New York’s “blue sky” law, the Martin Act, has been a substantial impediment to certain types of private legal actions involving securities. This may be about to change.  

Most courts, including the federal Second Circuit Court of Appeals, have held that the Martin Act preempts common law claims involving securities transactions that do not require scienter. The New York Court of Appeals, however, is currently reviewing a contrary holding by the First Department of the Appellate Division, Assured Guaranty (UK) Ltd. v. J.P. Morgan Investment Management.  

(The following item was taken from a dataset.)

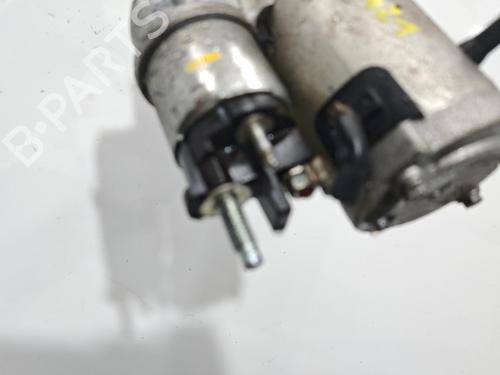 Used Starter Starter DACIA SANDERO III 1.0 SCe 65 (67 hp) 39954624 39954624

In Assured Guaranty, plaintiff alleged that investment manager J.P. Morgan committed a breach of fiduciary duty and gross negligence by overexposing a reinsurer’s reserves to risky mortgage-backed securities. The trial court granted J.P. Morgan’s motion to dismiss, holding that the breach of fiduciary duty and gross negligence claims were preempted by the Martin Act. The Appellate Division reversed, noting the general rule that a remedy provided by statute is cumulative unless specifically made exclusive. Further, the court interpreted prior state court decisions on Martin Act preemption very narrowly, pointing to a recent amicus brief submitted by the New York Attorney General in another case, in which the Attorney General argued that the Martin Act was “intended to supplement, rather than supplant existing causes of action.”